Hints for this exercise:

in the body of a producedure…

in the post-condition of a procedure, you can refer to the initial value of a global g by writing "g_in".
at the beginning of the body of a procedure, one is allowed to deduce g == gin using the premise rule. You can use the above mechanism to define, for a particular procedure, a post-condition that specifies the output value of a global variable g in terms of its input value gin.Give the program + function pre/post conditions and loop invariants necessary to demonstrate that your program is correct.

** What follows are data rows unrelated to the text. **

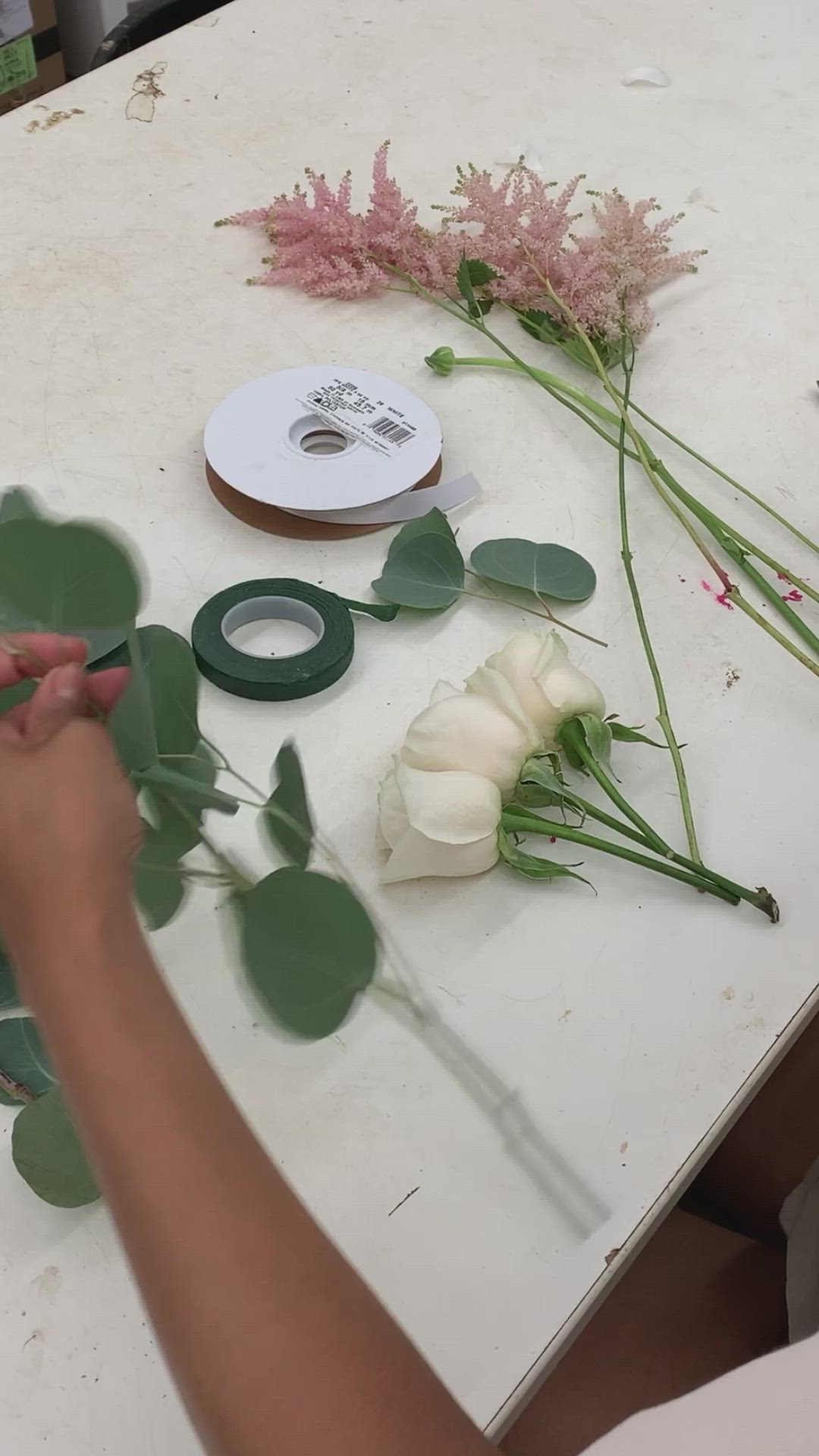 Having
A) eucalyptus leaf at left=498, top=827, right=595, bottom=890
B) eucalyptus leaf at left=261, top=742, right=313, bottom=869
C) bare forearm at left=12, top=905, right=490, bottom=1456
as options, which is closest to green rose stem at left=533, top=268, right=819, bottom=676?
eucalyptus leaf at left=498, top=827, right=595, bottom=890

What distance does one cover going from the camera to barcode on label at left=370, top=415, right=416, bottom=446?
0.76 meters

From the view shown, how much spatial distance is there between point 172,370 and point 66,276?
0.15 metres

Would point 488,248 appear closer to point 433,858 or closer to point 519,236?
point 519,236

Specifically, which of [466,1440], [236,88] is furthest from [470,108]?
[466,1440]

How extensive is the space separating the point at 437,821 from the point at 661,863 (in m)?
0.11

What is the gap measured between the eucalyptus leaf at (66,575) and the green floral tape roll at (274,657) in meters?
0.20

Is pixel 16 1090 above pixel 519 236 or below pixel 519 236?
below

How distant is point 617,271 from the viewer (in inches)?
32.9

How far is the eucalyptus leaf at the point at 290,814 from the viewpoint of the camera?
48 cm

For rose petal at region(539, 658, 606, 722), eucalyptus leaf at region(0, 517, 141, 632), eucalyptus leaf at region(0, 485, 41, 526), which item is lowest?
rose petal at region(539, 658, 606, 722)

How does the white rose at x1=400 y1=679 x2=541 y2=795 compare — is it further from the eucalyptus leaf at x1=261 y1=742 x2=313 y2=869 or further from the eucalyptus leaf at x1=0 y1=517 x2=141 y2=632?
the eucalyptus leaf at x1=0 y1=517 x2=141 y2=632

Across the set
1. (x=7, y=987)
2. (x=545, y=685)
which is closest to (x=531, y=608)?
(x=545, y=685)

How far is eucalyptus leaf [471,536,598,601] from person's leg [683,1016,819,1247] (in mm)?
291

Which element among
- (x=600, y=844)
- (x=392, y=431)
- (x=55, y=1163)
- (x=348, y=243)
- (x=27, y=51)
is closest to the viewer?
(x=55, y=1163) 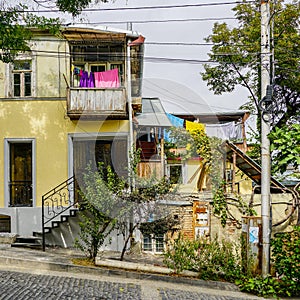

(10 points) In this problem you will complete both client and server functions to check if a sequence contains values larger than a certain value and create a second sequence containing only those values. Read the entire program to understand its structure. First write loop code and invariants for someGreaterThan to meet the post-conditions. When seeing the sequent (1, 5, 7, 12) and 8, someGreaterthan should return true, 12 is greater than 8 .. (1, 5, 12, 7) and 12 should return false. Next write the function post conditions and loop invariant for reduces. Seeing (1, 5, 7, 12) and 6 it returns (7,12). Finally, in main(), change the variable assignment to bigenough, and the parameters passed to reduce to ensure the program has no errors (does not crash if reduce returns an empty array). No additional if conditions or assumes may be added to the client.
(6 points) In the final problem the function takes a sequence (1,2,3,4,5) and returns a palindrome of it starting from the front (1,2,3,2,1). Your task is to provide Loop invariants which ensure the post conditions are met. Add a post condition proving the size the returned array is the same size as the array passed in.